Filistin sorununun adil, kalıcı ve kapsamlı bir çözüme kavuşmasının tek yolu başkenti Doğu Kudüs olan bağımsız ve egemen Filistin devletinin kurulması dışında başka bir yol olmadığını belirttikten sonra aynı şekilde, Kıbrıs Türklerine reva görülen zulüm ve cefanın tamamen ortada kalkması için tek yolun; Bağımsız Kuzey Kıbrıs Türk Cumhuriyeti’nin tanınmasıdır, diyerek bütün dünyayı Bağımsız, Kuzey Kıbrıs Türk Cumhuriyeti’ni tanımaya davet ettiler.
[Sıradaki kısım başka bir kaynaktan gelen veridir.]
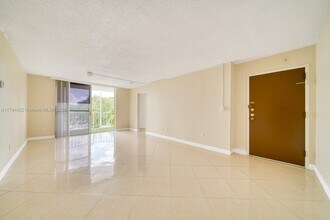 496 NW 165th St in Miami, FL - Building Photo - Building Photo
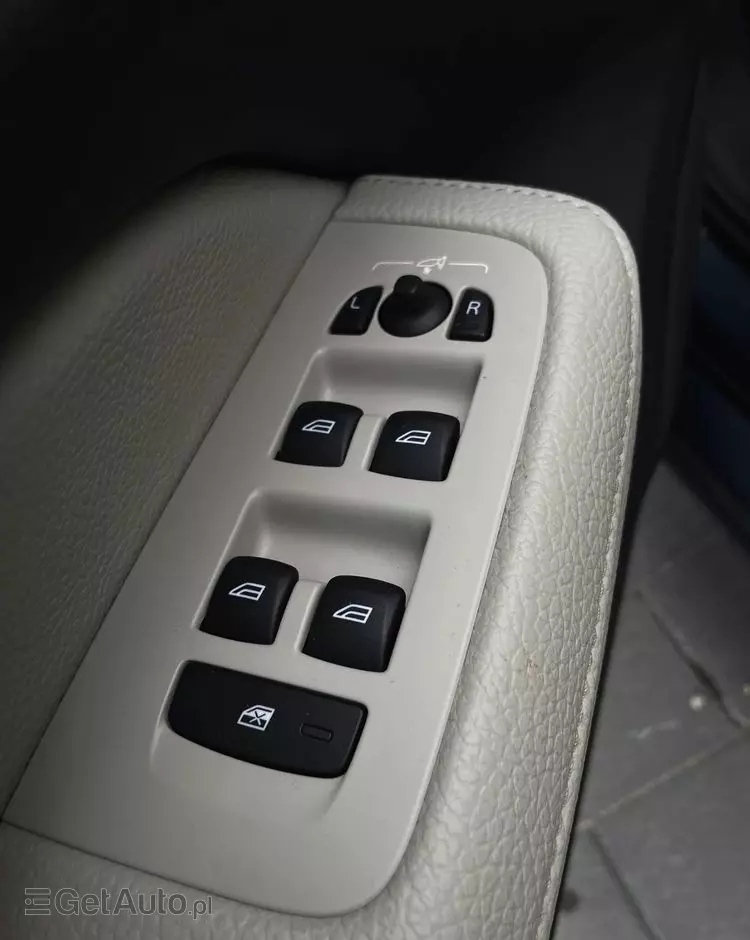 VOLVO V60 D4 Geartronic Inscription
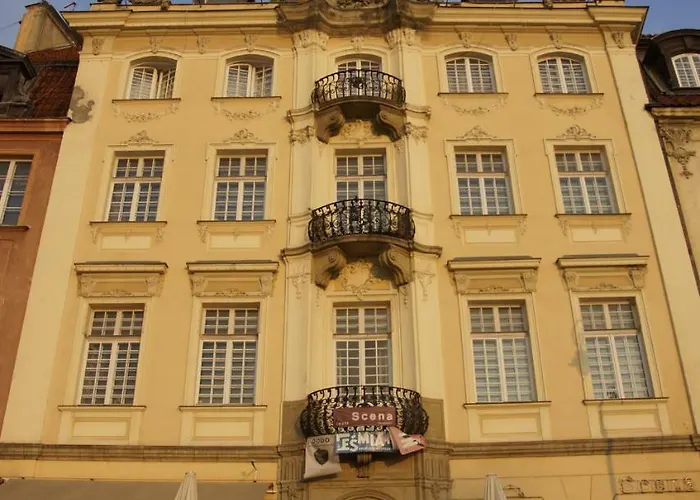 Goscinne Dom Literatury Bed & Breakfast Warszawa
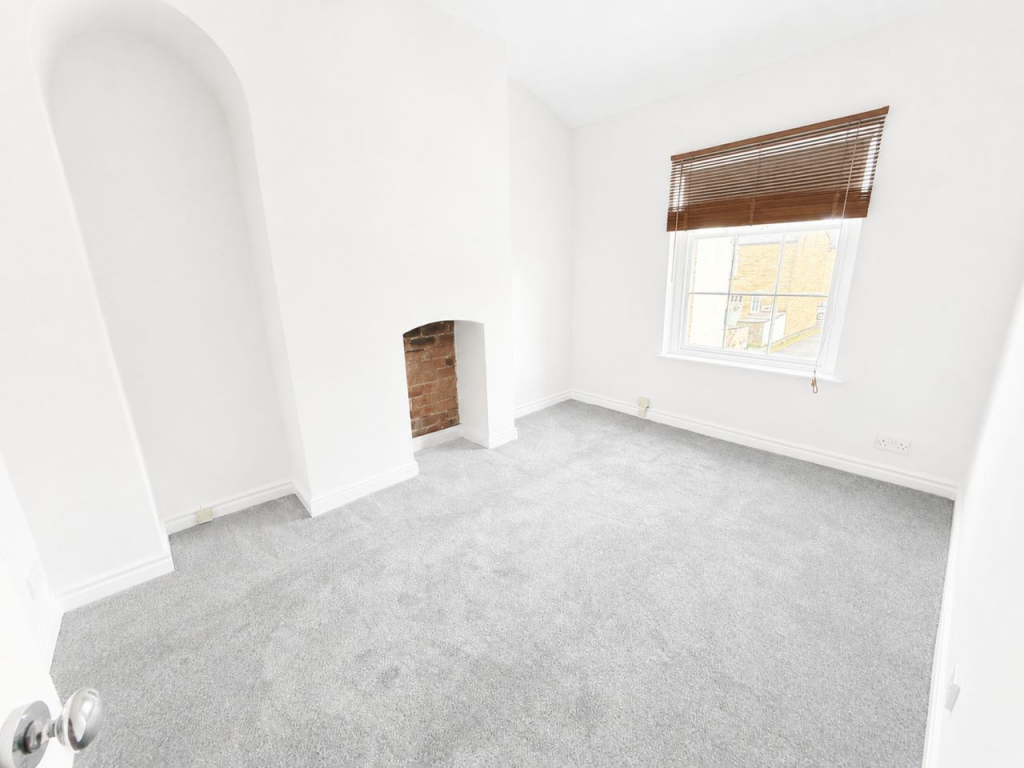 House in Bradford - View 4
Son olarak bir kere daha Ermenistanı akıllı olmaya, Yunanistanı da yersiz tahriklerden kaçınmaya davet ederek Türkiye’nin, Ege ve Doğu Akdeniz’deki haklarını sonuna kadar savunacağını Karabağ davasında ilelebet doğma kardeşi Azerbaycan’ın yanında olduğunu, diklenmeden milletinin karakterine yakışır dik duruşuyla bütün dünyaya ilan etti. Hayırlısı Allah’dan.

Kalın sağlıcakla sevgili dostlar.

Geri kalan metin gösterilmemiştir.